1. Zora Neale Hurston (1891-1960)
Anthropologist, folklorist, civil rights activist and author, Zora Neale Hurston is one of the leading African-American writers of the twentieth century. She is remembered most for her second novel, Their Eyes Were Watching God (1937). Hurston travelled far and wide to conduct anthropological research and articulately penned down her findings.
2. Langston Hughes (1902-1967)
Prominent social activist during the Harlem Renaissance and writer of several short plays, novels and poetry, Langston Hughes was deeply committed to the cause of black people: their sufferings and culture. He is the inventor of ‘jazz poetry’ and won first prize for his poem, The Weary Blues (1925) in Opportunity magazine. His first novel, Not Without Laughter (1930) also earned him a Harmon Gold Medal for Literature.
3. Richard Wright (1908-1960)
Writer of the famous four-part series, Uncle Tom’s Children (1938), Wright is remembered for fearlessly writing about the black man’s struggle against and suffering in a heavily racist society. Two of his most controversial books were, Native Son (1940) and Black Boy (1945). He was the first African-American author whose book (Native Boy) was chosen by the Book-of-the-Month Club.
4. Ralph Ellison (1914-1994)
Most acclaimed for his book, Invisible Man (1952) which ranked 19th in the Top 100 Best English-Language Novels of the 20th Century by the Modern Library Association and won the National Book Award, Ralph Ellison was a lecturer, critic, scholar and author. He wrote politically and socially motivated essays which were published in Shadow and Act (1964) and Going to the Territory (1986) as well as short stories published in Flying Home (1996).
5. Alex Haley (1921-1992)
Most inspiring for his dedication to genealogy, Haley is the author of Pulitzer Prize winning novel, Roots (1976). His first book, The Autobiography of Malcolm X (1965) was included in the 10 most important books belonging to the 20th century by Times Magazine. He focused his life’s work not only on the struggle of the African-Americans but also their rise from slavery to freedom.
6. James Baldwin (1924-1987)
Baldwin is widely known as a writer of novels, essays, short stories, plays and poetry. Most of his literary work espouses racial and sexual tensions in 20th century American society such as Giovanni’s Room (1956) and Going to Meet the Man (1965). His masterpiece, Go Tell It On The Mountain (1953) was ranked 39th on the MLA list.
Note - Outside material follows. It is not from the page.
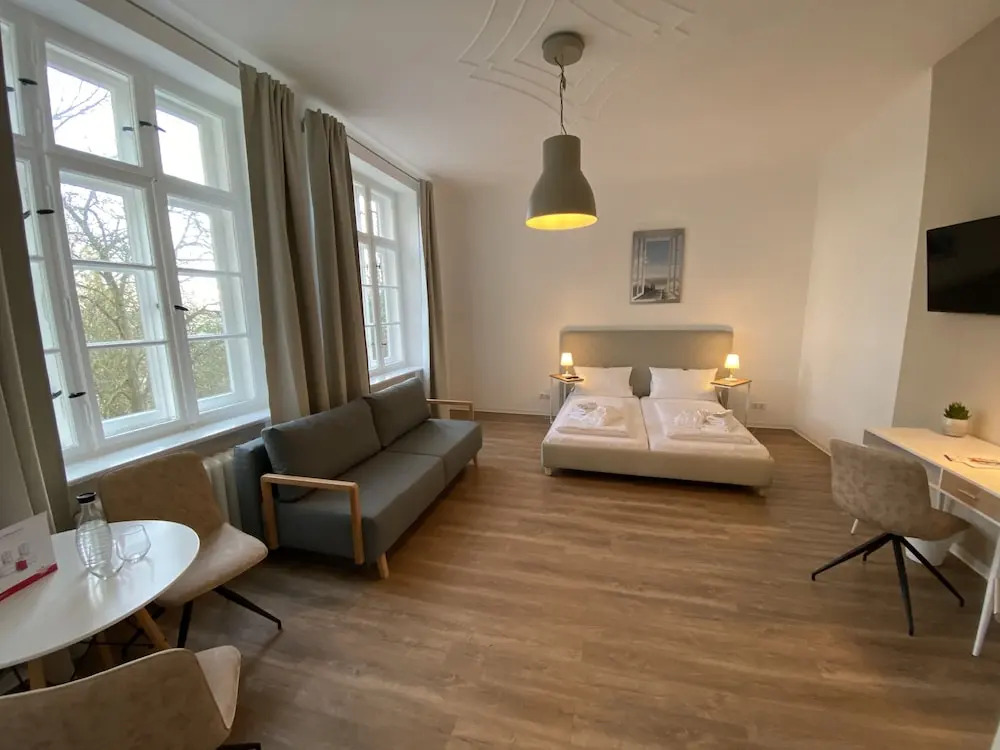 Zimmer FREI Boardinghouse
7. Maya Angelou (1928-2014)
Renowned author, poet and civil rights activist, Maya Angelou made her literary take-off with I Know Why the Caged Bird Sings (1969) that made her the first African-American author with a nonfiction best-seller. However, her masterwork was On the Pulse of Morning (1993). In 2005 and 2009, Angelou received the NAACP Image Awards which is the highlight of her many achievements.
8. Toni Morrison (1931-Date)
Toni Morrison is perhaps the star of African-American literature and a must read for all. Her best-known works include Song of Solomon (1977), Sula (1973), Beloved (1987) and The Bluest Eye (1970). Among her numerous accomplishments, she is the recipient of prestigious awards such as the Nobel Prize, Pulitzer Prize, American Book Award and Presidential Medal of Freedom.
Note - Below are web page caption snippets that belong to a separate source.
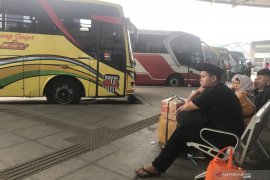 H-2 Lebaran, jumlah pemudik di Terminal Pulo Gebang menurun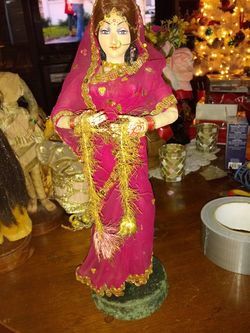 India Doll- Selling Lowest Price, Have Many Alike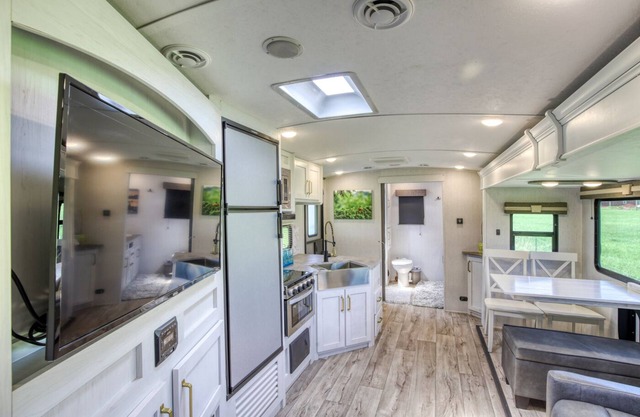 The Robin · Quiet · Views · King Bed · Near Trails · WiFi · SmartTV · Weekly -5%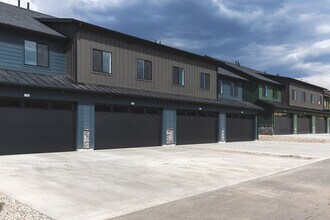 Building Photo - 1622 Hubbard Wy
9. Octavia Butler (1947-2006)
Octavia Butler is famous for successfully using science fiction to address the human experience of African-Americans. In 1984, she received a Hugo award for best short story for Speech Sounds (1983) and later a Nebula and Hugo award for Bloodchild (1995). In 1995, she became the first science-fiction writer to receive a MacArthur Foundation grant.
10. Alice Walker (1994-Date)
An active member of the civil rights and black feminist movement, Walker is an author, lecturer and social worker whose writing career is still going strong. Her best work to date is, The Colour Purple (1982) which won a Pulitzer Prize and National Book Award and was later translated into a film and musical play. Walker is an acclaimed poet and essayist too.